■ WHAT THIS TASK INVOLVES ■
Write out the listing exactly, dropping any picture it contains.

[THE DATA — start]

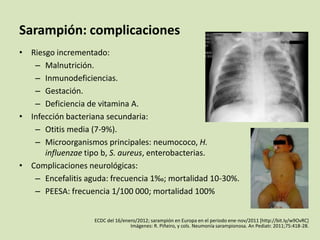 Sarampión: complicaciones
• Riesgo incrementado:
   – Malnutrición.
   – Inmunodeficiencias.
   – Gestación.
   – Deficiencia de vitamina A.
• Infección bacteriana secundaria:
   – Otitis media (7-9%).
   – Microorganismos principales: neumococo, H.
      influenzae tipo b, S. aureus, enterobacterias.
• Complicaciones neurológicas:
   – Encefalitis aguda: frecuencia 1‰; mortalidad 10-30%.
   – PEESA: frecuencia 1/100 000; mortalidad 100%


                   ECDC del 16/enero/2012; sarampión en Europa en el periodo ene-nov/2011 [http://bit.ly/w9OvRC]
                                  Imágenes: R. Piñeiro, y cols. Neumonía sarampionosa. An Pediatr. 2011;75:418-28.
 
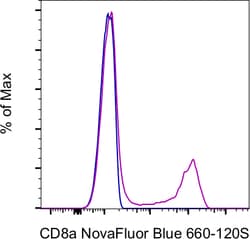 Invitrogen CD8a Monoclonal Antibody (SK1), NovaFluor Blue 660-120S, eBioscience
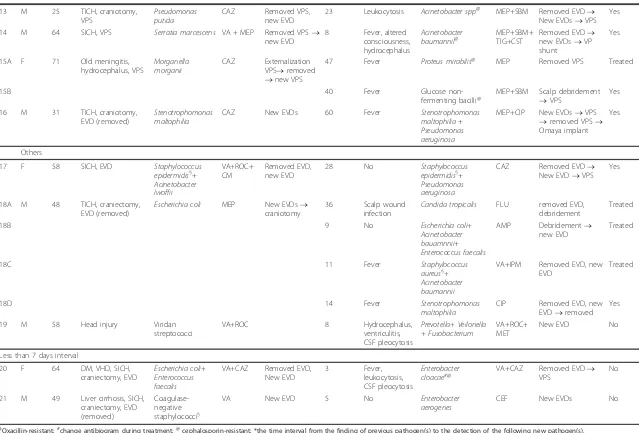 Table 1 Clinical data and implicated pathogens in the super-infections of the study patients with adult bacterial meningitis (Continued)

[THE DATA — finish]

■ OUTPUT FOR THIS EXERCISE ■
 Sarampión: complicaciones
• Riesgo incrementado:
   – Malnutrición.
   – Inmunodeficiencias.
   – Gestación.
   – Deficiencia de vitamina A.
• Infección bacteriana secundaria:
   – Otitis media (7-9%).
   – Microorganismos principales: neumococo, H.
      influenzae tipo b, S. aureus, enterobacterias.
• Complicaciones neurológicas:
   – Encefalitis aguda: frecuencia 1‰; mortalidad 10-30%.
   – PEESA: frecuencia 1/100 000; mortalidad 100%


                   ECDC del 16/enero/2012; sarampión en Europa en el periodo ene-nov/2011 [http://bit.ly/w9OvRC]
                                  Imágenes: R. Piñeiro, y cols. Neumonía sarampionosa. An Pediatr. 2011;75:418-28.
 
 Invitrogen CD8a Monoclonal Antibody (SK1), NovaFluor Blue 660-120S, eBioscience
 Table 1 Clinical data and implicated pathogens in the super-infections of the study patients with adult bacterial meningitis (Continued)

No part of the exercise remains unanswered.